Press Release - 04 October 2006

Free lecture: Linda & Ada - what is the Lovelace connection?

Local people can separate the facts from the myths and urban legends that surround the evolution of computers and computer languages in a free lecture at the University of Bath in Swindon on Wednesday 11 October.

In his talk Dr Ben Bennett, a director at Intel, will take a random walk through the development of computers and computer languages and stop to look at the facts, the hardware, the myths and urban legends around them.

In his talk Dr Bennett will look at the evolution of the computer and computer languages, starting from Neolithic times and moving, very rapidly, to the 19th century where Charles Babbage laid down the blueprints for the first programmable computer.

It will look at Babbage's links with Byron's daughter, Ada Lovelace, and trace how weaving and the size of a dollar bill are inextricably linked with the formation of IBM. It will conclude with looking at how computers (and languages) are evolving and just what America's most famous pornographic actresses has to do with the University of Yale's computing department...

"This talk is a light-hearted meander through computing technology," said Dr Bennett. "It's not too serious, with a lot of irreverence thrown in, but I hope it will be a starting point for people to go off and look at all things computing in a different way."

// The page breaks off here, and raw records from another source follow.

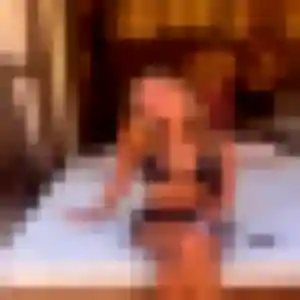Yasmine, 40 ans, dispo pour plan cul à La Balme-de-Sillingy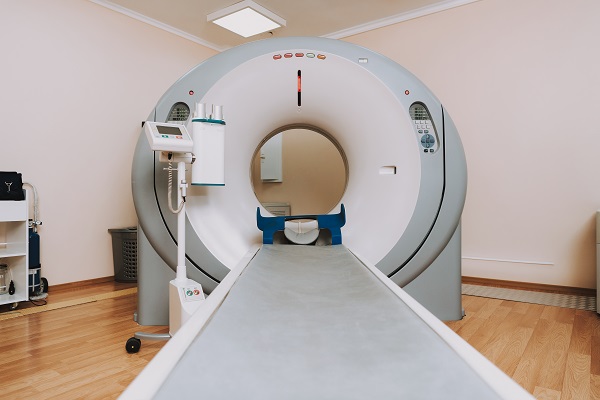 CT SCAN / MRI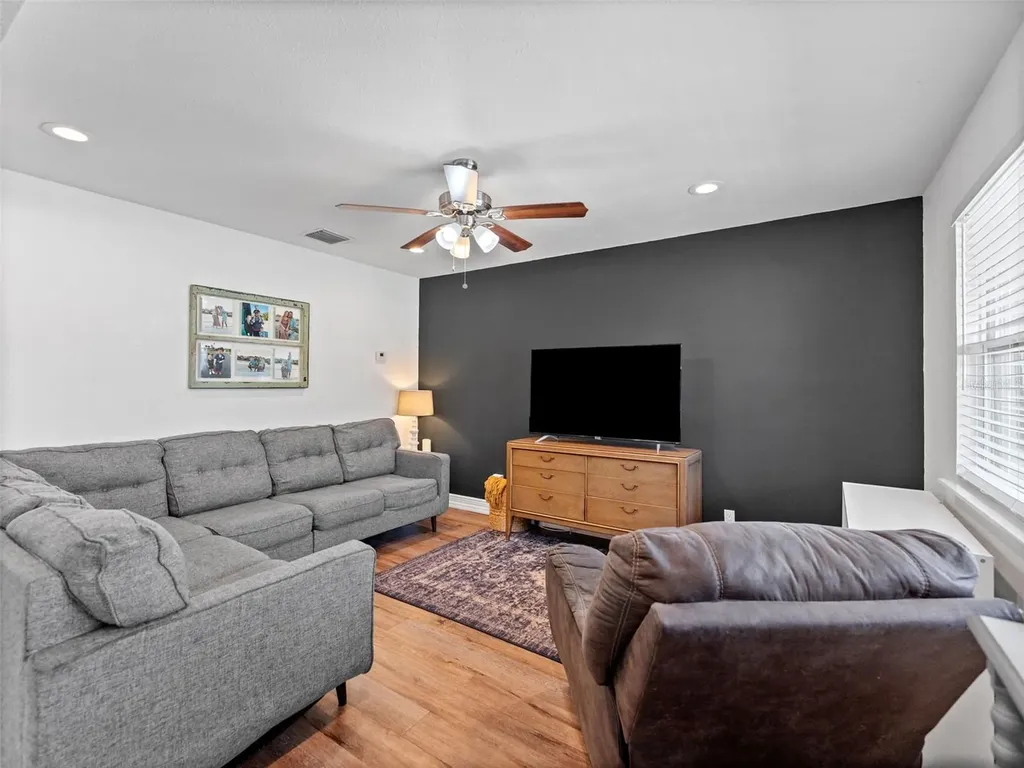 9091 83rd Way Seminole FL 33777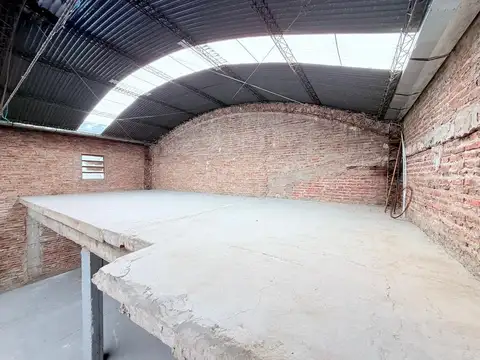 Galpon en Alquiler en Castelar, $ 1.500.000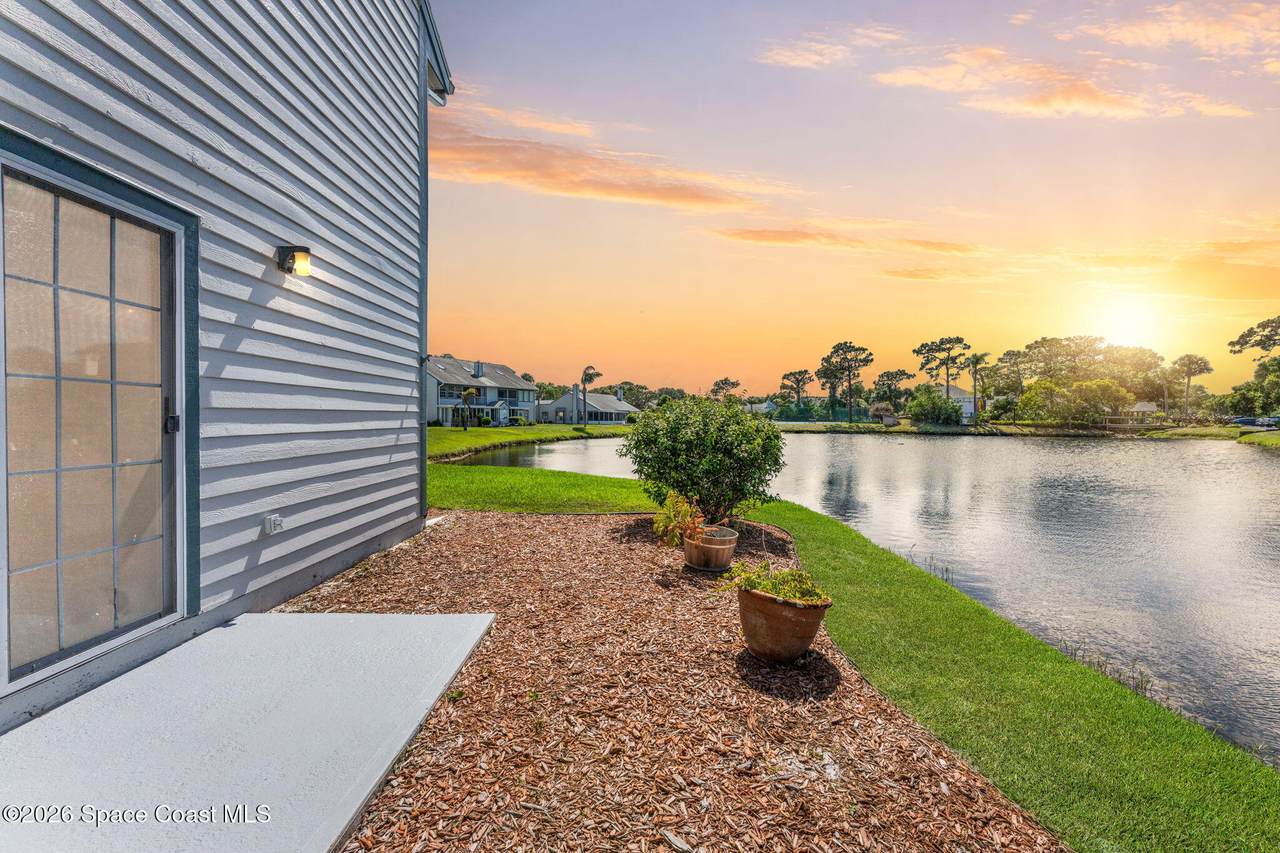 4680 Lake Waterford Way - Photo 1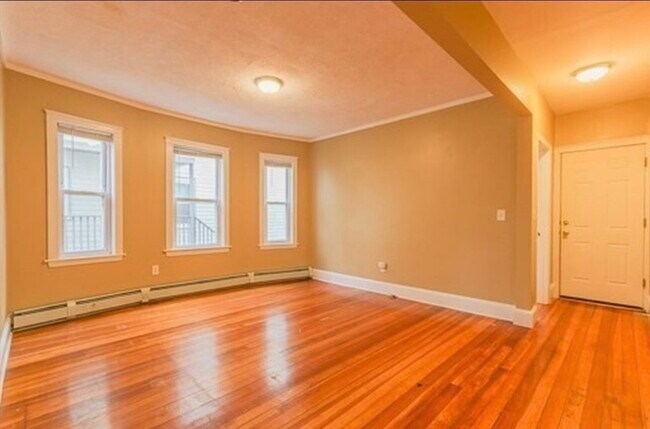 Building Photo - 28 Melbourne St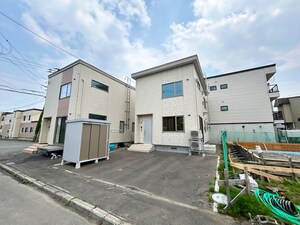 八軒５西９戸建外観写真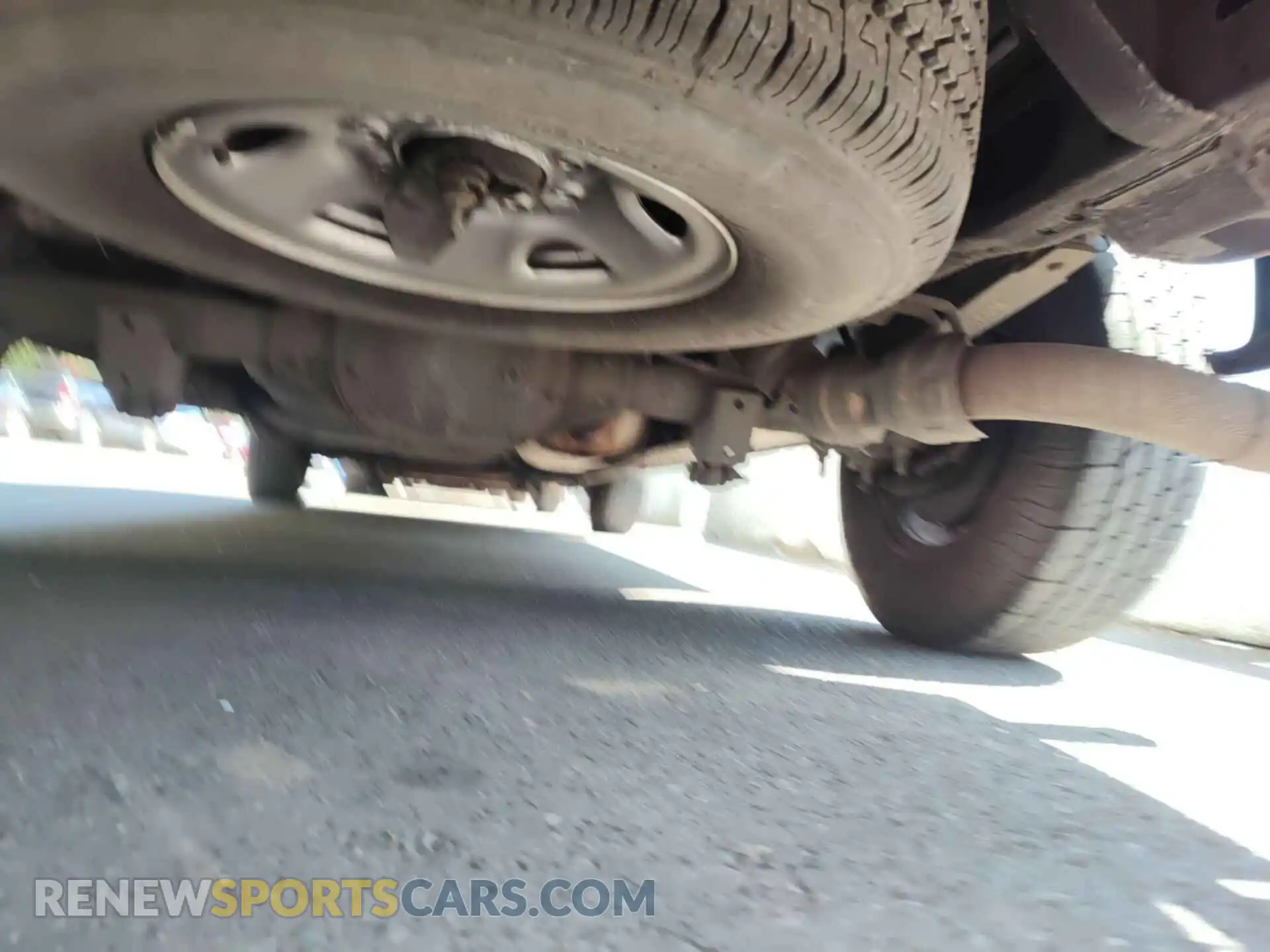 1 Photograph of a damaged car 1GCWGAFP5L1176802 CHEVROLET EXPRESS G2500 2020
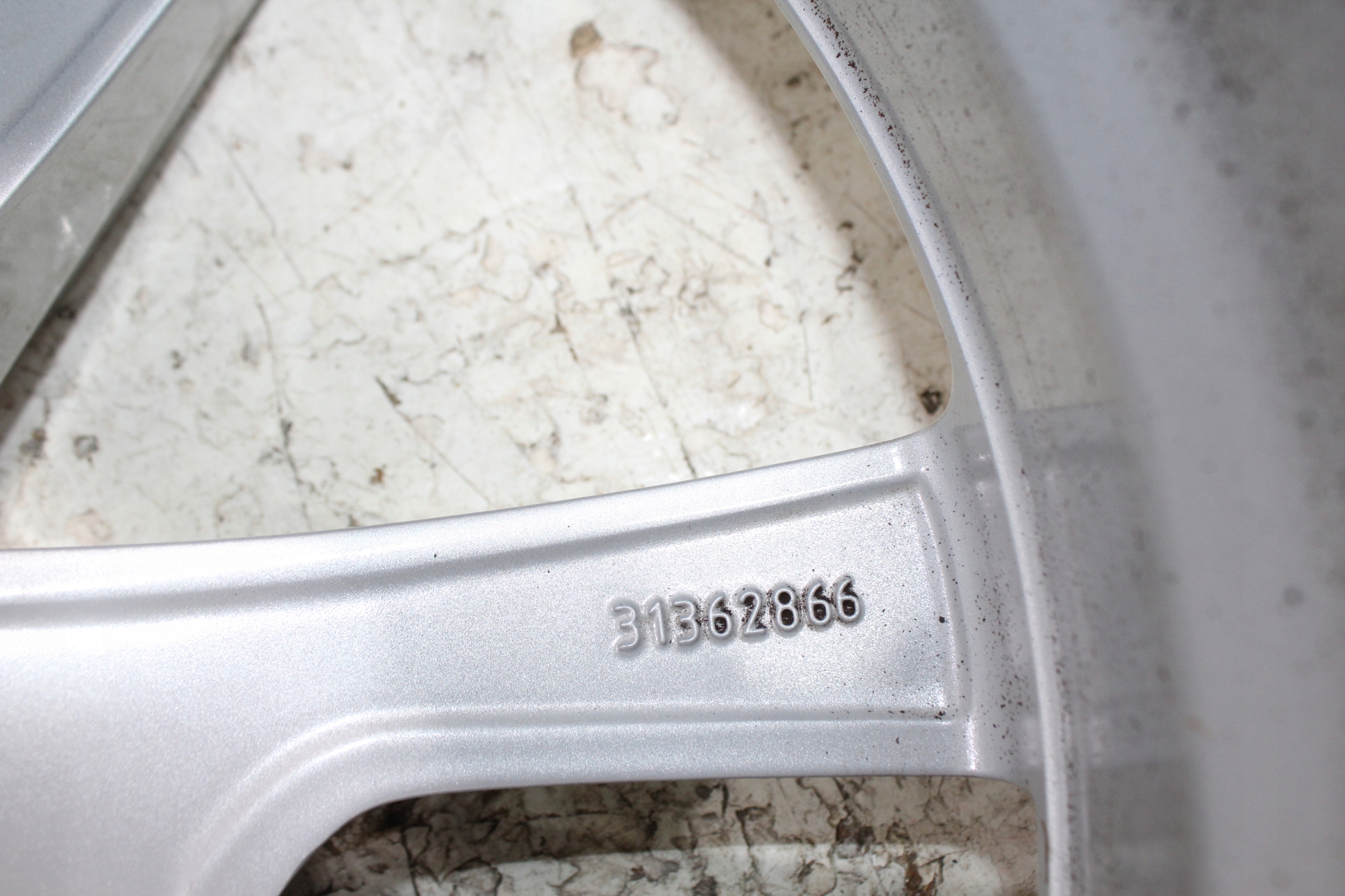 Volvo hliníkový disk 18 31362866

Ben Bennett's work at Intel is focused on developing extremely large parallel computers of the future but he feels that there is a lot to be learnt from looking at computing history.

Intel has a close association with the National Museum of Science & Technology and many of the hardware artefacts referred to in Dr Bennett's talk are housed at the Science Museum with a large number of other important computing milestones stored at the large object storage facility at the Science Museum, Wroughton.

Ben Bennett is a director of Intel's High Performance Computing Programs Office, based in Swindon. He has worked for Intel in Swindon and in the United States for sixteen years. He was previously a lecturer at Huddersfield University, teaching a broad electrical and electronic engineering syllabus, with research interests in electronic music synthesis and parallel programming techniques.

Admission and parking for the lecture is free and people can just turn up on the evening. The lecture runs from 5.30pm until 6.30pm in the main hall at the Oakfield campus.